## Work order
An exact copy of all the data is required, with pictures left out.

## Data excerpt
———
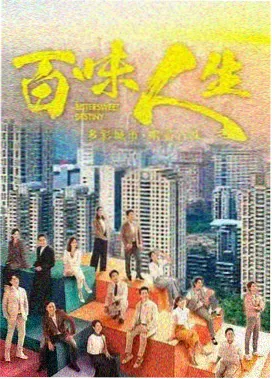 庆余年2 - 高清电视剧在线观看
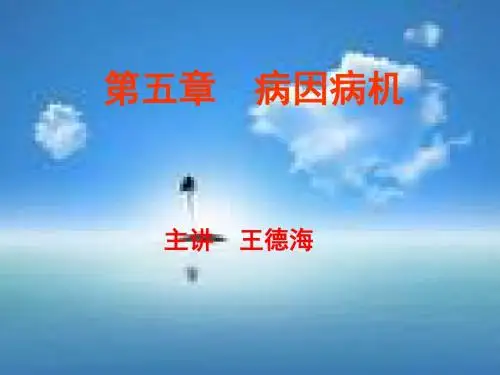 中兽医学-第五章病因病机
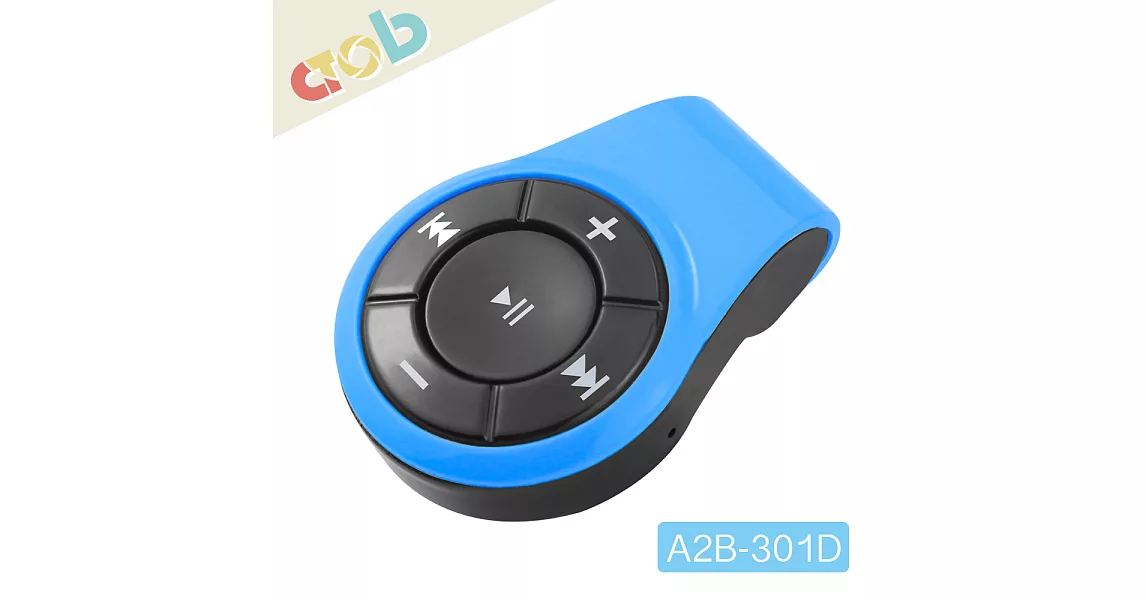 atob A2B-301D 藍牙4.1無線播放音樂接收器藍色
———
## Output
 庆余年2 - 高清电视剧在线观看
 中兽医学-第五章病因病机
 atob A2B-301D 藍牙4.1無線播放音樂接收器藍色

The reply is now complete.